Вопреки грекофилии Иоакима Федор Алексеевич разнообразными способами проявлял свое неблаговоление к грекам. И наоборот — вопреки яростному сопротивлению патриарха простер свою поддержку просвещению до открытия бесцензурной Верхней типографии, училища Медведева и утверждения «Привилегии» Академии. Впрочем, не благоволя к современному греческому духовенству, являющемуся на Русь за милостыней, Федор Алексеевич не забывал о византийской традиции, к которой обращался еще в чине своего венчания. В росписи новых государственных чинов (против которой выступил Иоаким) первый боярин как глава Расправной Золотой палаты был уподоблен византийскому «доместику фем», дворовый воевода — «севастократору» и т.п.

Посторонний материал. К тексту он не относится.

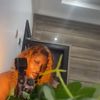 ijeoma0110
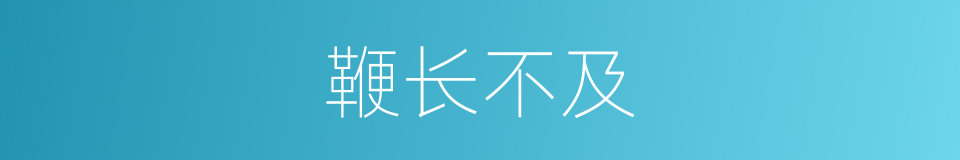 鞭长不及的意思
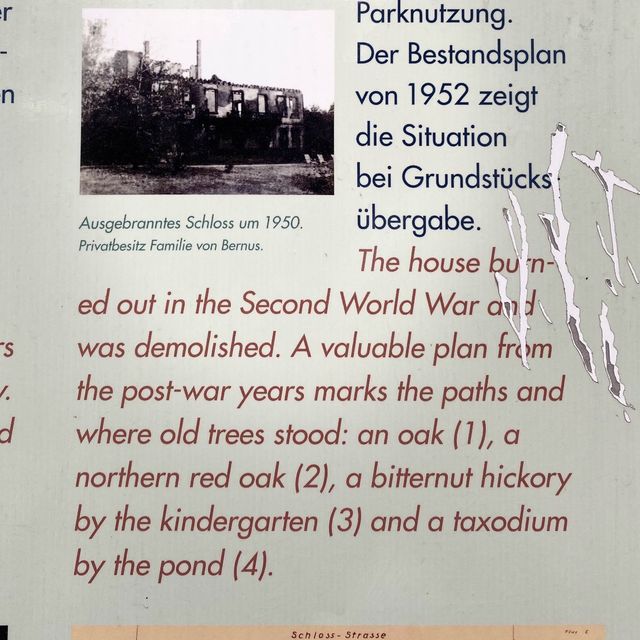 Bernus Park and its History 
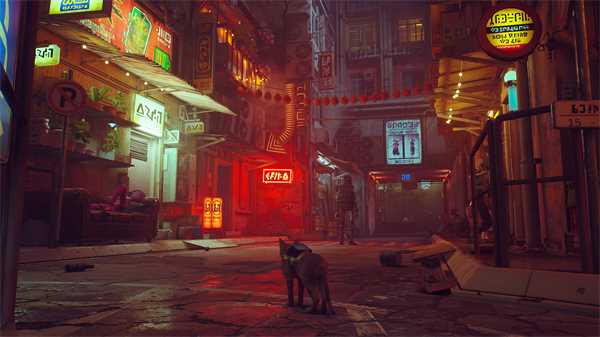 Stray保险箱神秘密码是什么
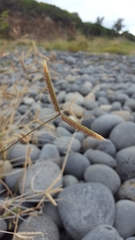 Dactyloctenium australe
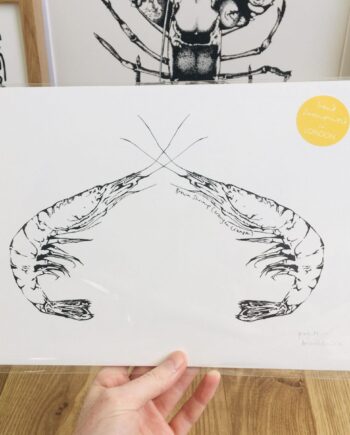 A4 Fighting Shrimp screenprint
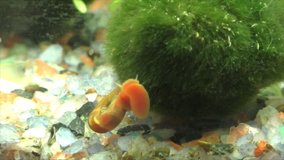 Snail cleans the glass in an aquarium and moss kladofora spherical (Aegagropila linnaei)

Византийская традиция, при разделении функций светской и духовной власти, подразумевала безусловное первенство самодержца, защитника, гаранта и расширителя благочестия. Эти свои функции Федор Алексеевич принимал безусловно. На тяжелых переговорах о мире с Речью Посполитой, когда поляки грозили войной, а под Чигирином шли решающие сражения, он отказался даже говорить, если не будет снята статья о допущении в России католического богослужения. Федор Алексеевич соглашался обсуждать судьбу Киева, Смоленска и других земель, но о вере «царь сказал, чтоб и помину не было!».[263]